Effects of concrete as base for subs, speakers and potentially equipment


Hello, 

 

I am looking for any advice and experience from those that have used concrete as stands, racks, isolation. I have a friend who makes functional art pieces from concrete, coloured and designed to your liking and I was thinking of having some pieces made up for my equipment. I currently have everything on wood, but would like something more pleasing on the eye. My room is well dampened with wood floors. I am after any experience that you might have experimenting with concrete.

subwoofer on concrete slab. Currently have a T9x with a downward throwing passive radiator on a suspended wooden floor.  It needs removing from the floor and I was looking at concrete slabs. 
 

speakers on concrete slabs. Zu union 6 supreme again on suspension floor. They have isolation feet but they could do with lifting higher. I am considering using concrete for this. 
 

finally the equipment. Amp, dac, streamer. Currently on a cheap wooden cupboard with chopping boards underneath. Any experience of electronics on concrete. 

mpoll1

@mpoll1 Wrote:

Effects of concrete as base for subs, speakers and potentially equipment

I chose concrete blocks and lead to raise and decouple the speakers from the wood floor. Concrete is a great energy sink and lead adds damping. I am very pleased with the results. Each speaker has four 35 pound solid concrete blocks and 30 pounds of lead. The speaker sits on a 170 pound energy sink. See my systems page left speaker. Wanted to hear how it sounds, before I did both. 😎

Mike

See below JBL Project K2-S9500 speaker introduced in 1989 was design with a concrete energy sink for it's base.

https://www.audioheritage.org/html/profiles/jbl/k2.htm

I added thick beam in my cellar, placed vertically from floor to roof, hammering it into place so it should take the weight off my record player and system. One of the best investments I ever made. I can jump up and down before my record player, no skips.

@OP If you have wooden floorboards, one problem with putting concrete slabs under speakers is that it can be difficult to get the slab to be stable. Personally, I favour making platforms of thick ply and screwing those into the floor. That provides a stable bass and stiffens the floor.

Heavy masses under electronics can be hit and miss. Resonance control requires the mass to be damped.

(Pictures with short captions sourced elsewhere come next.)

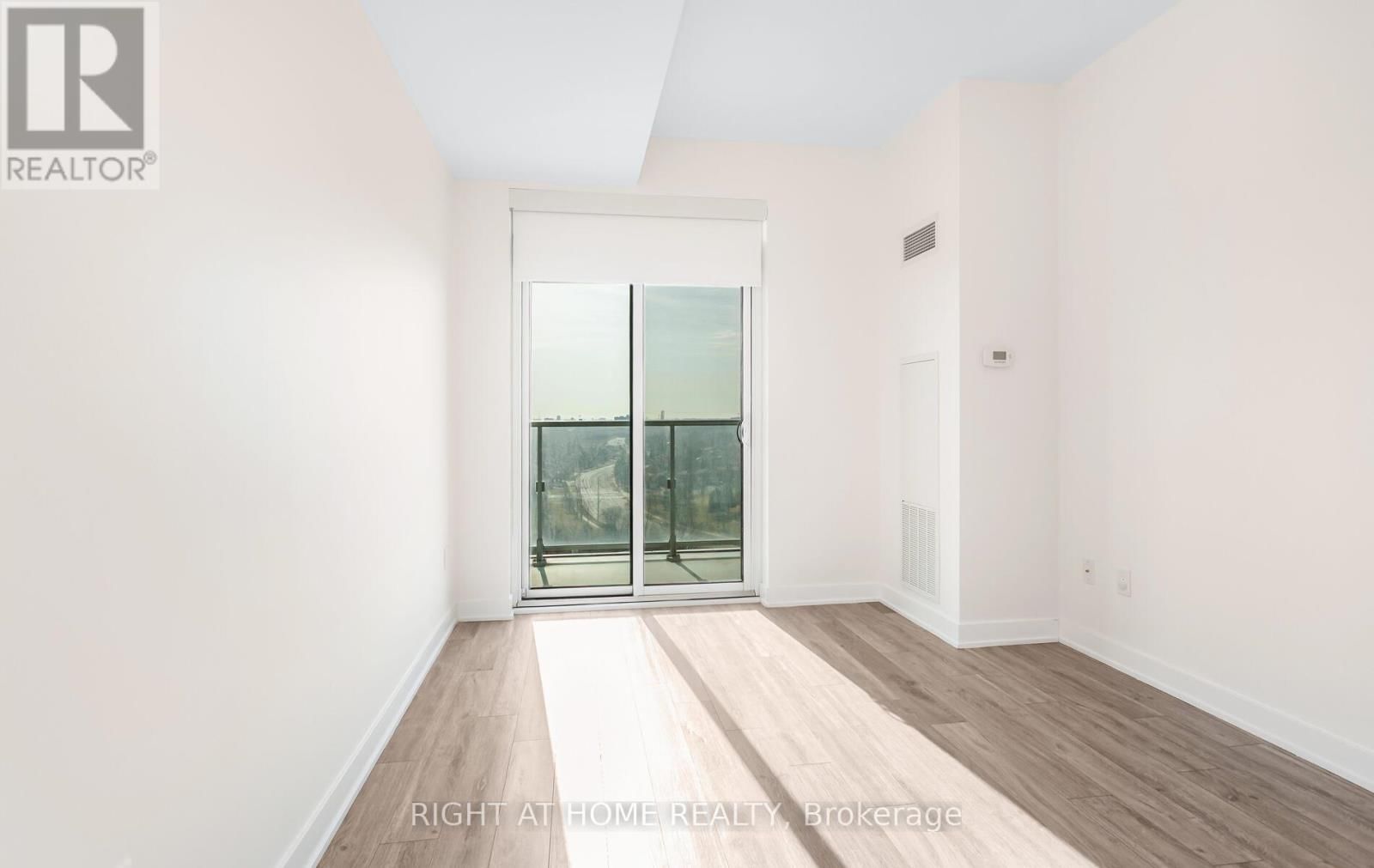 1207 - 4655 GLEN ERIN DRIVE Image 20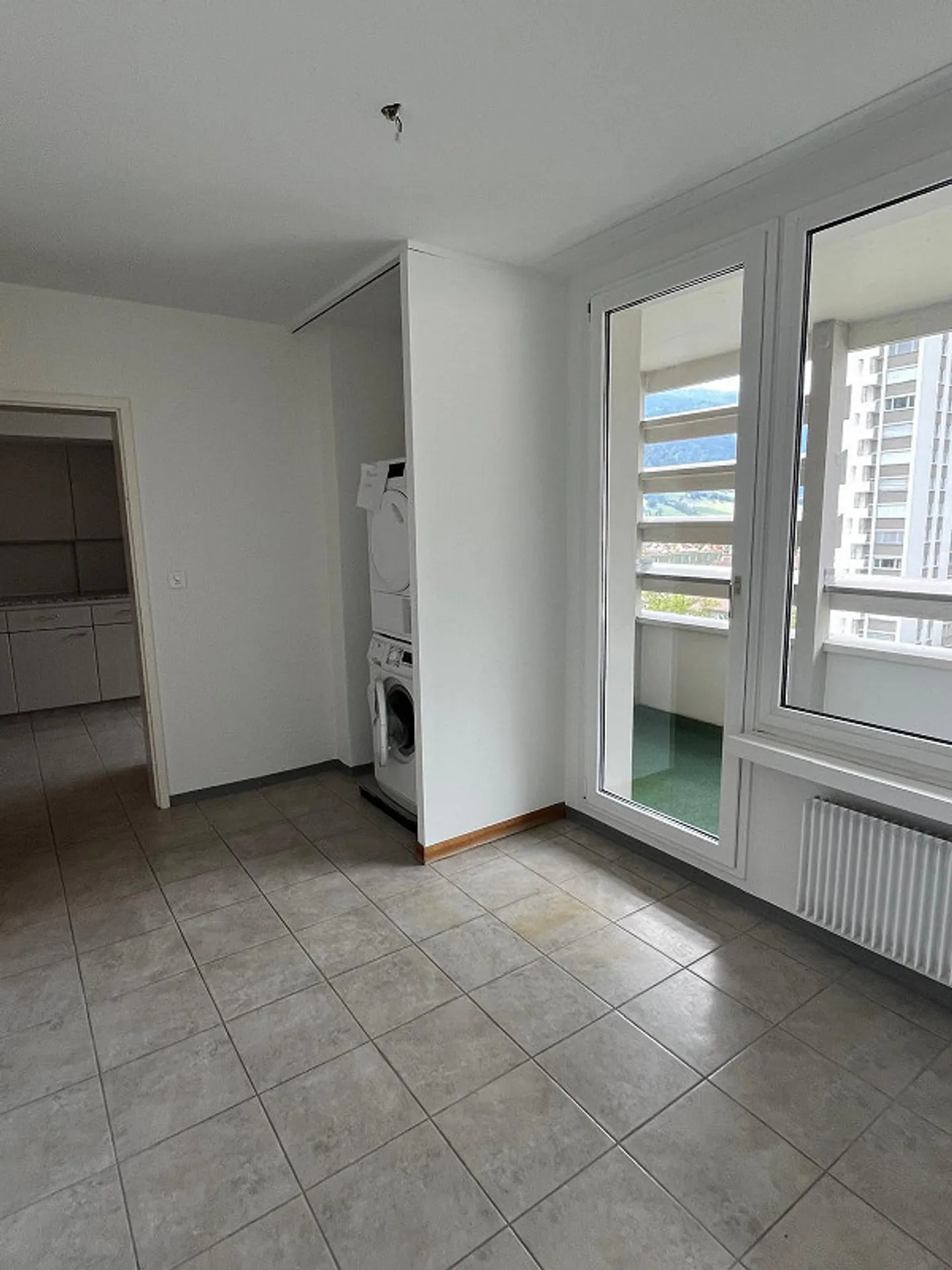 Geräumige Wohnung mit Panoramablick - Foto 4 von 14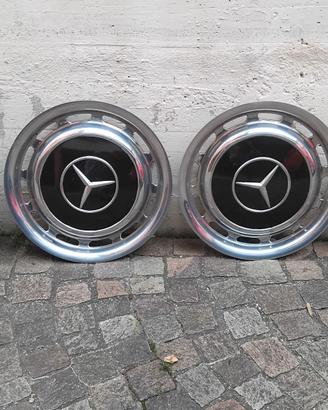 Gomme e borchie Mercedes-Benz anni 60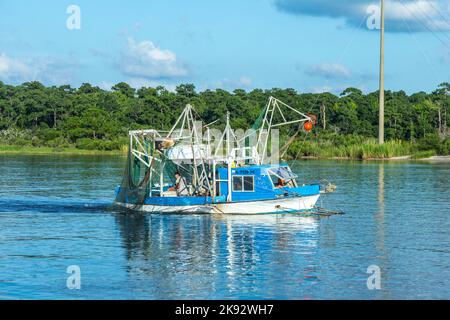 FAIRHOPE, USA - 18. JULI 2013: fisher-Boote machen sich bereit für den Nachtfang in Fairhope, USA. Fairhope ist berühmt für die Alabama-Krabbe. Stockfoto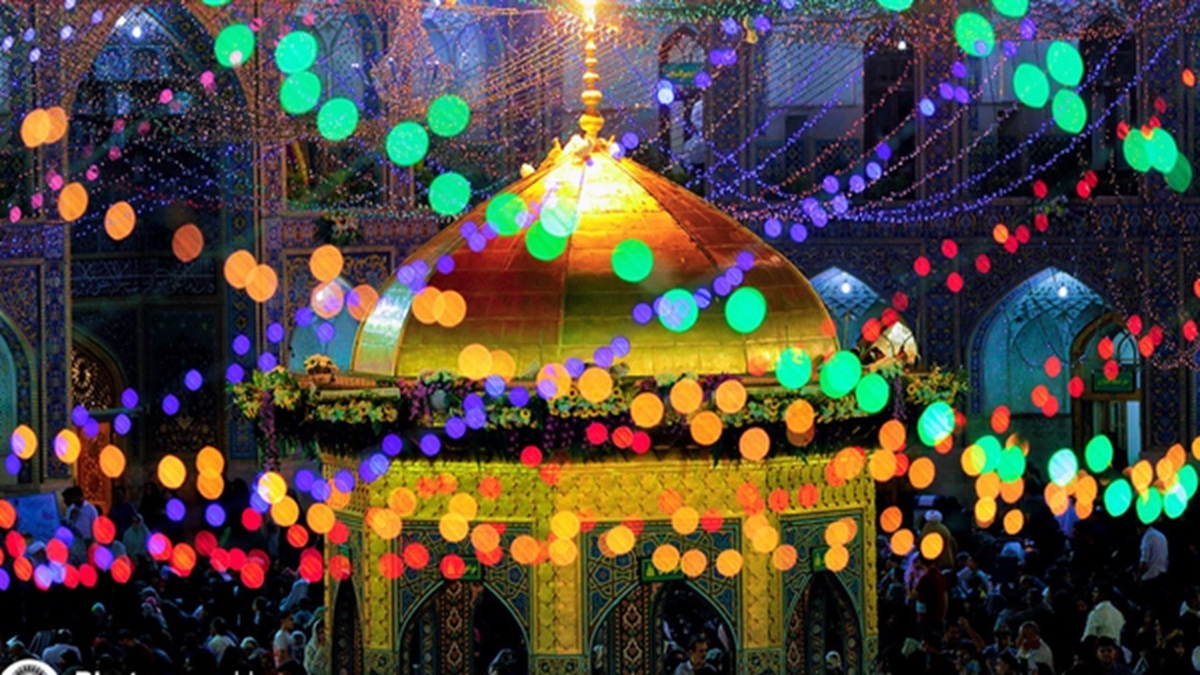 استقبال خادمان امام رضا (ع) از مردم + فیلم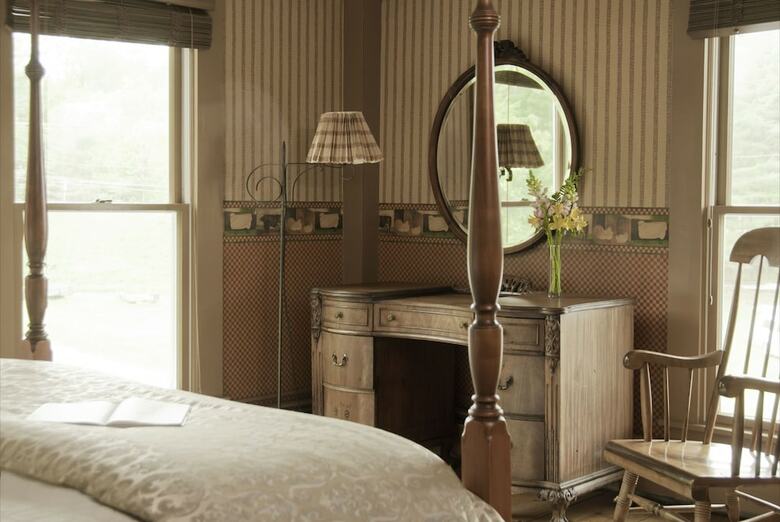Golden Stage Inn Bed And Breakfast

Mass by itself will resonate by at low frequency and will continue to ring if it is not damped.

This is why i use some tuned mass damping  with two sets of springs under and above  differently compressed ...

 

Heavy masses under electronics can be hit and miss. Resonance control requires the mass to be damped. Mass by itself will resonate by at low frequency and will continue to ring if it is not damped.